I am trying to understand the proof of Zorn's lemma from the axiom of choice, but I do not entirely understand the step where we create a increasing sequence (a_i) of sets in a partially ordered set S indexed by ordinals. It is defined through transfinite recursion, but how does that work?

We assume that Zorn's lemma is false for a partially ordered set S. So for any element we have a larger one. One starts with defining the function b on the set of chains of S to S by letting b(T) be an element of S such that b(T) is larger than any element of the chain. T has an upper bound, so such an element exists, and by the axiom of choice this function is well-defined. Then one picks an element a_0 in S, and then for each ordinal w>0 one defines a_w = b(\{ a_v | v<w\}) by transfinite recursion. Could someone explain this step?
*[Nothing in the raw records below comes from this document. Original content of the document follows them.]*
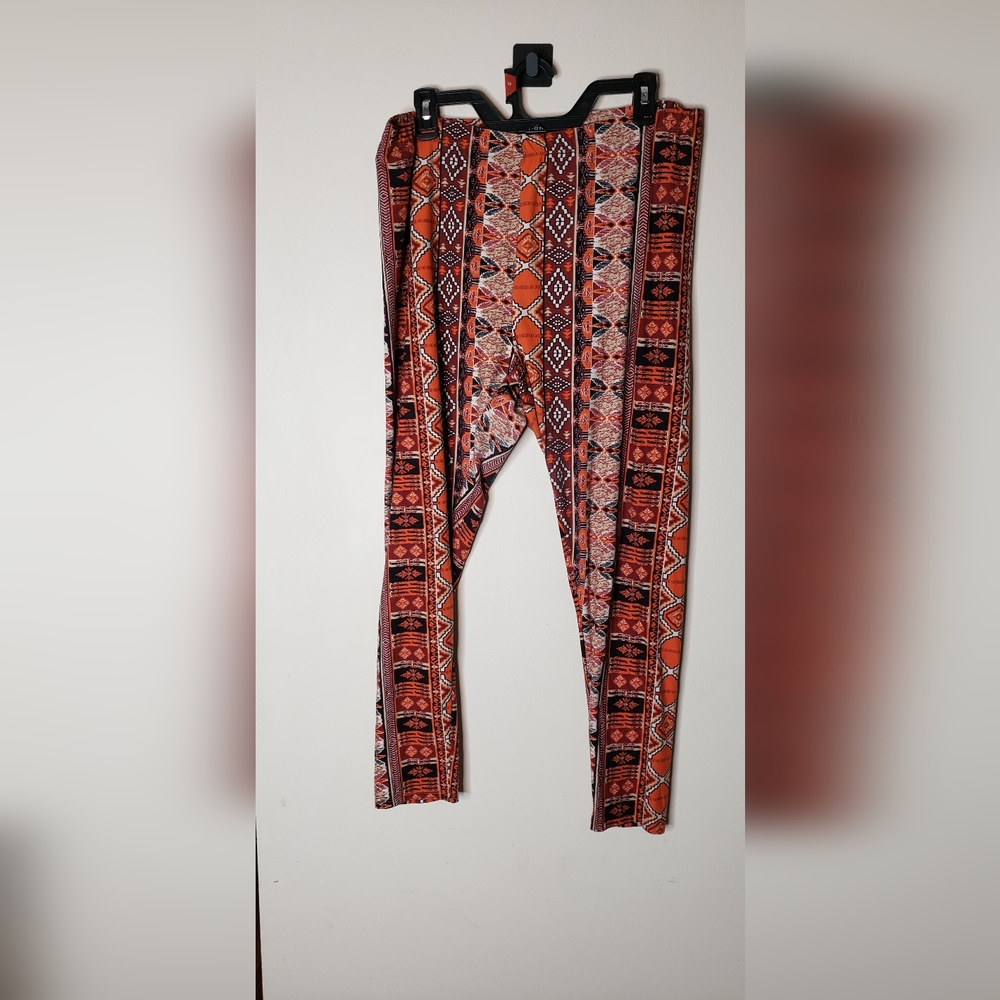 Vibrant Orange and Red Geometric Leggings - Picture 2 of 2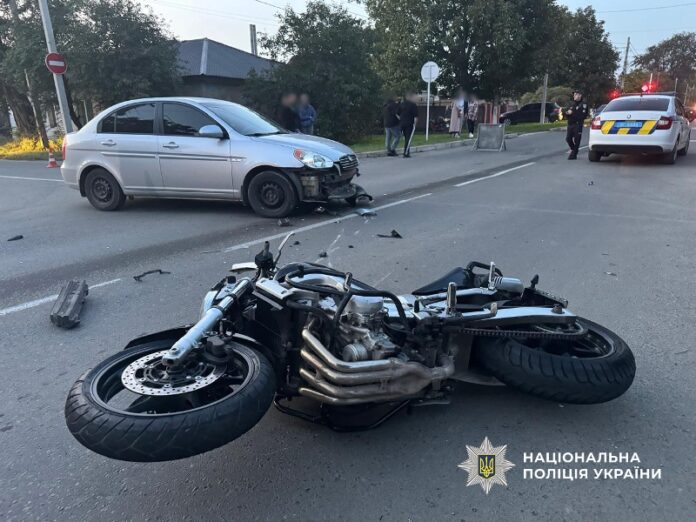 В Одеській області водій автомобіля потрапив в аварію, є постраждала особа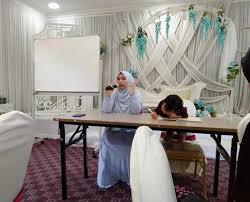 Namun sebaiknya jangan dibiarkan terjadi terus menerus ya, karena dikhawatirkan anak akan manja dan merasa semua. Sejuk Perut Ibu Mengandung Usia 2 Tahun Sudah Hafal 42 Surah Ibu Ini Kongsi Cara Didikan Yang Boleh Jadi Panduan Buat Ibu Ayah Lain Soya Lemon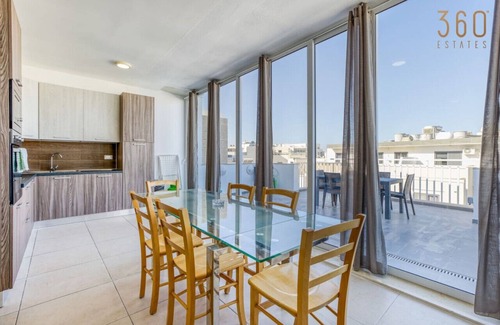 Tal-Ibrag Apartment | Lovely & Spacious 3BR Penthouse in central Swieqi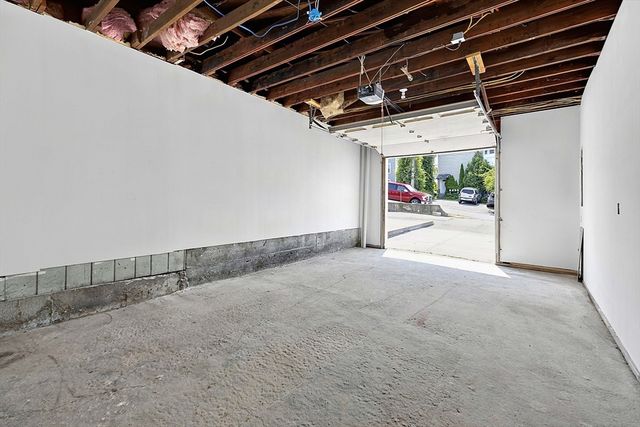 24 Emerson St, Fall River, MA 02720
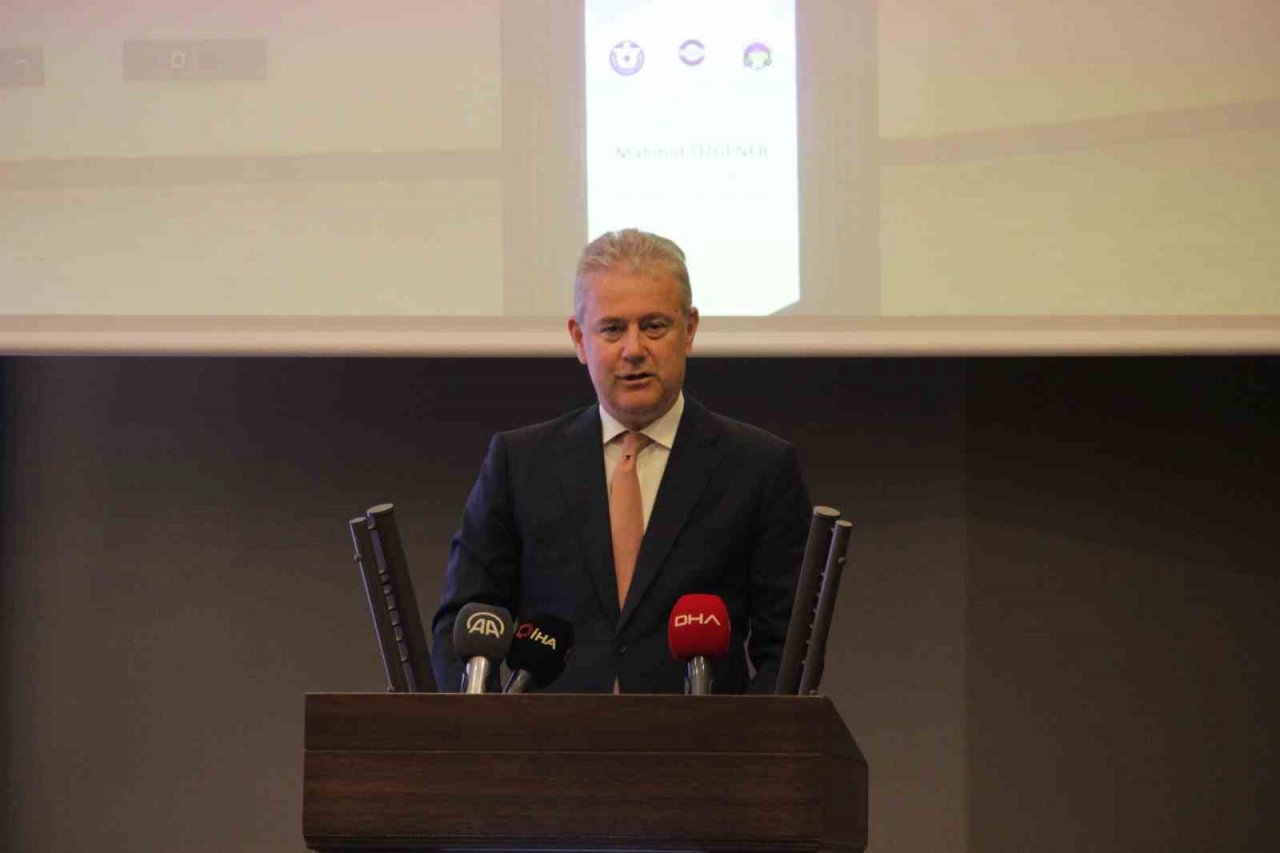 AK Parti Genel Başkan Vekili Binali Yıldırım, İZTO’da toplantıya katıldı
The proof continues by saying that this sequence exhausts S. What does that mean? My guess would be that we can identify an ordinal W with a cardinality strictly larger than that of S (e.g. the cardinality of P(S)), so that we have an surjection from S into the set \{ a_v | v \leq W\} which has cardinality W. But I don't know if we have ordinals corresponding to cardinals.

By the way, I would prefer that the explanation does not rely on the well-ordering theorem. This brings up the question: does the existence and properties of the ordinals needed for this proof rely on the well-ordering theorem?

 

[micromass]

I'm quite satisfied to see someone who's interested in the axiom of choice. It has always been my preferred subject of mathematics...

From what I see, your proof does not rely on the well-ordering theorem. Not even the construction of b uses the well-ordering theorem (and that's the moment were one would typically need it)

I am trying to understand the proof of Zorn's lemma from the axiom of choice, but I do not entirely understand the step where we create a increasing sequence (a_i) of sets in a partially ordered set S indexed by ordinals. It is defined through transfinite recursion, but how does that work?

We assume that Zorn's lemma is false for a partially ordered set S. So for any element we have a larger one. One starts with defining the function b on the set of chains of S to S by letting b(T) be an element of S such that b(T) is larger than any element of the chain. T has an upper bound, so such an element exists, and by the axiom of choice this function is well-defined. Then one picks an element a_0 in S, and then for each ordinal w>0 one defines a_w = b(\{ a_v | v<w\}) by transfinite recursion. Could someone explain this step?

I will explain this naively, if it still doesn't work out, tell me. We begin by picking an element a_0. This is a chain, so by assumption, there exists a bigger element which we call a_1. Then {a_0,a_1} is a chain, so by assumption, there is a bigger element which we call a_2. Then {a_0,a_1,a_2} is a chain, so bla bla bla. So eventually we will obtain a sequence {a_0,a_1,a_2,...,a_n,...}, so for every finite ordinal we have a point. Now this is a chain which has a larger element, we call it a_omega. And then you go on to define a_omega+1,...

Now you can easily formalize this proof. The larger element is just called b(T). And the transfinite recursion is also easily satisfied.

The proof continues by saying that this sequence exhausts S. What does that mean? My guess would be that we can identify an ordinal W with a cardinality strictly larger than that of S (e.g. the cardinality of P(S)), so that we have an surjection from S into the set \{ a_v | v \leq W\} which has cardinality W. But I don't know if we have ordinals corresponding to cardinals.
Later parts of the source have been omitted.